BAHAR YORGUNLUĞUNA DİKKAT EDİLMELİ 

Bahar yorgunluğuna dikkat edilmesi gerektiğinin altını çizen Dr. Hizan Nur Bucak Batı, “Bu yorgunluğu, bahar yorgunluğu saysak bile, uzun süren yorgunlukların ciddiye alınması, altta yatan başka bir sorun olup olmadığının araştırılması gerekiyor. Bazı dönemlerde yeterli besin alınmaması, vitamin ve minerallerin eksik kalması, tiroit bezinin çalışma düzensizlikleri, tansiyon, kalp, enfeksiyon hastalıkları, sigara kullanılması yorgunluk belirtilerini artıran unsurlar olarak sıralanıyor.

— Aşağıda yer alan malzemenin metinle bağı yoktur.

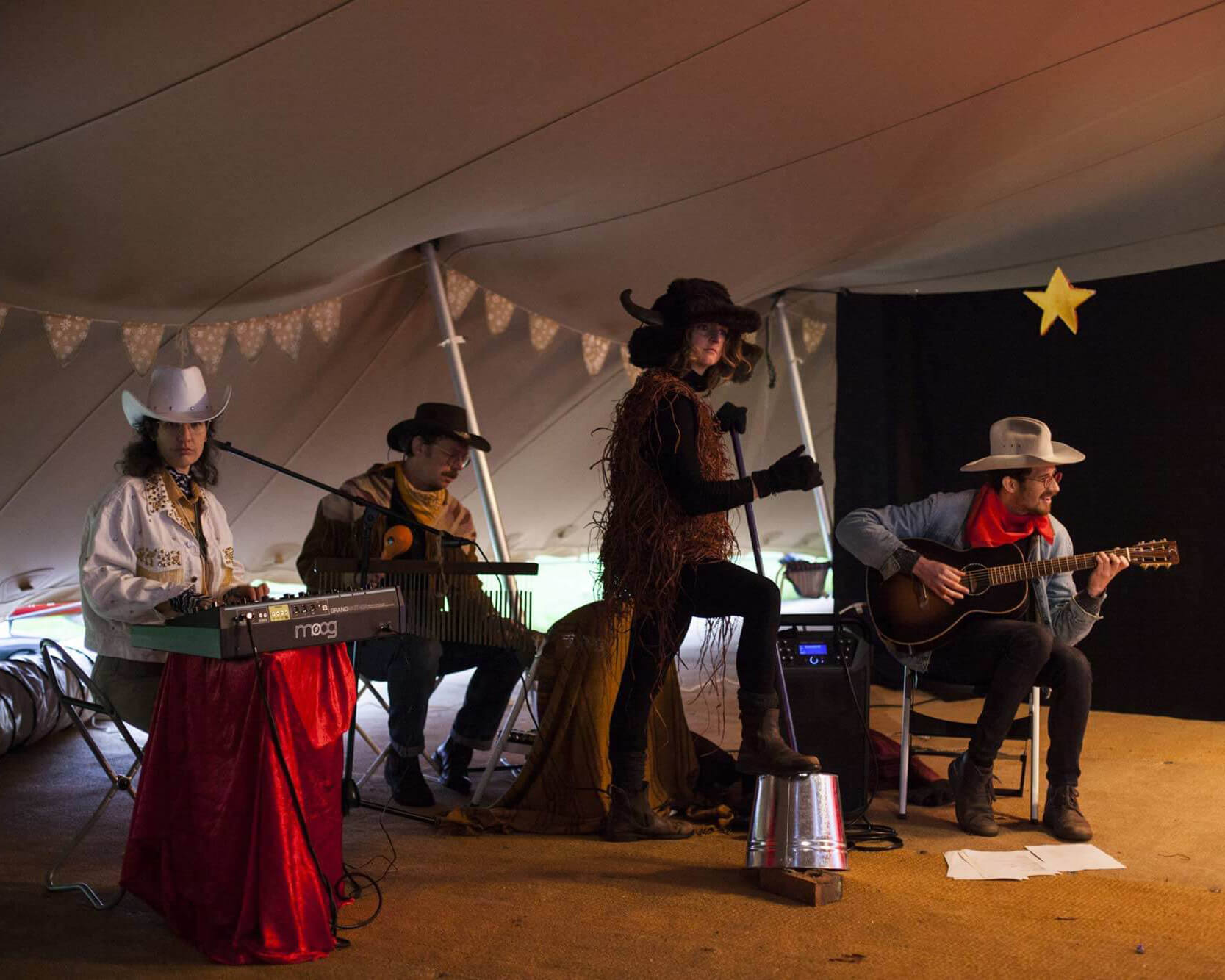 Interior photograph of four musicians, three dressed as cowboys and one as a buffalo.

Bu nedenle düzenli kontrollerimizi aksatmamak, yılda bir sefer check-up yaparak, genel vücut sağlığımız kontrol ettirmek bizleri kronik ve hayati risk oluşturan hastalıklardan koruyacak ve erken teşhis olanağı sağlayacaktır” diye konuştu.  

HASTALIK DEĞİL

Bahar yorgunluğunun bir hastalık olmadığını vurgulayan Dr. Hizan Nur Bucak Batı, “Bahar dönemlerinde kişide enerji yoksunluğu, bitkinlik, isteksizlik, uyku sorunları, sabah uyanamama, kas ve eklem ağrıları, baş ağrısı, dikkat eksikliği gibi belirtilerle ortaya çıkabilen tablonun ihmal edilmemesi gerekir. Çünkü bedenimiz anemi (kansızlık), tiroit hastalıkları, fibromiyalji, karaciğer ve böbrek hastalıkları, akciğer ve kalp hastalıkları, kanser, kan hastalıkları, depresyon ve anksiyete bozuklukları, iş, aile ve sosyal yaşantıyı etkileyen psikolojik bozukluklar gibi farklı hastalıkların semptomlarını gösteriyor olabilir. Bu nedenle uzun süren belirtilerde mutlaka uzman bir hekime başvurmak ihmal edilmemelidir. Ayrıca bahar döneminde birçok kişide gastrit gibi mideye bağlı rahatsızlıklar gözlenebilir; depresyon, uyku sorunları, sinirlilik ve anksiyete gibi duygu durum değişiklikleri; baş dönmesi ve dengesizlik, saç dökülmesi, cilt kuruluğu ve cilt döküntüsü görülebilir. Bahar yorgunluğunda görülen önemli rahatsızlıkların başında kalp damar hastalıklarında artış ve tansiyon düzensizliği gelir. Isı ve nem değişimleri ile birlikte nefes darlığı ve akciğer hastalığı olan kişilerde yakınmalarının arttığını görebiliriz. Bahar yorgunluğu yakınmaları hipotiroidi ile tiroid bezinin az çalışmasıyla çok benzerlik gösterir. Ayrıca tiroid hastalıklarının bu dönemde arttığını biliyoruz. Bu nedenle tiroid tetkiklerinin yapılması çok önem arz etmektedir“ dedi. 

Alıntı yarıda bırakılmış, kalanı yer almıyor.